WHAT YOU SHOULD DO -
Where the line with "ウル(ulu)/ピラティス後の姿勢改善" appears below, start writing out lines exactly, and finish with the line with "Đội tuyển Philippines", which is included; write out nothing else.

MATERIAL SHOWN -

┄┄┄┄┄┄

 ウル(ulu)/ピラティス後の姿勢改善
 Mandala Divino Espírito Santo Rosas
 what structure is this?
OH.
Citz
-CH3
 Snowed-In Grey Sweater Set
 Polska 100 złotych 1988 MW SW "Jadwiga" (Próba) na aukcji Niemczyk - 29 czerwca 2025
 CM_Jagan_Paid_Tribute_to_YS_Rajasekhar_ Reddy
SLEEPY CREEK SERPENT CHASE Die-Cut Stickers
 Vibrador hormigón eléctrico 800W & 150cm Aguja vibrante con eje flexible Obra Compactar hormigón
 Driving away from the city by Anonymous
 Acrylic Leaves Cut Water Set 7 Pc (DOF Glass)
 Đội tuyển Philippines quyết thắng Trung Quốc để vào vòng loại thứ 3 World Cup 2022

┄┄┄┄┄┄

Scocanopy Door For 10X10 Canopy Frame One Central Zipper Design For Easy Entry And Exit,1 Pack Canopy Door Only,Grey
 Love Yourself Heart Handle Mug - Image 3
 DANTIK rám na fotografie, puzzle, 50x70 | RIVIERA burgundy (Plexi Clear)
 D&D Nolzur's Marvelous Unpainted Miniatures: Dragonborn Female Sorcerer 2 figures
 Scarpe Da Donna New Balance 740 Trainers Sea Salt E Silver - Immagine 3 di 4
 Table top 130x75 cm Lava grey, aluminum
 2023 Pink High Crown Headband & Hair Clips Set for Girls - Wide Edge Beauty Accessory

┄┄┄┄┄┄

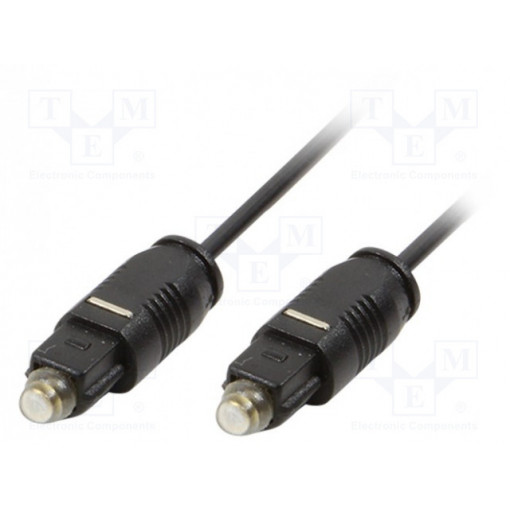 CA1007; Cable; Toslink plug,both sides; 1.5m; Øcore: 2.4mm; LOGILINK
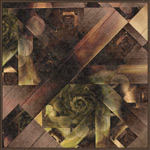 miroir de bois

┄┄┄┄┄┄

COMPLETED TASK -
 ウル(ulu)/ピラティス後の姿勢改善
 Mandala Divino Espírito Santo Rosas
 what structure is this?
OH.
Citz
-CH3
 Snowed-In Grey Sweater Set
 Polska 100 złotych 1988 MW SW "Jadwiga" (Próba) na aukcji Niemczyk - 29 czerwca 2025
 CM_Jagan_Paid_Tribute_to_YS_Rajasekhar_ Reddy
SLEEPY CREEK SERPENT CHASE Die-Cut Stickers
 Vibrador hormigón eléctrico 800W & 150cm Aguja vibrante con eje flexible Obra Compactar hormigón
 Driving away from the city by Anonymous
 Acrylic Leaves Cut Water Set 7 Pc (DOF Glass)
 Đội tuyển Philippines quyết thắng Trung Quốc để vào vòng loại thứ 3 World Cup 2022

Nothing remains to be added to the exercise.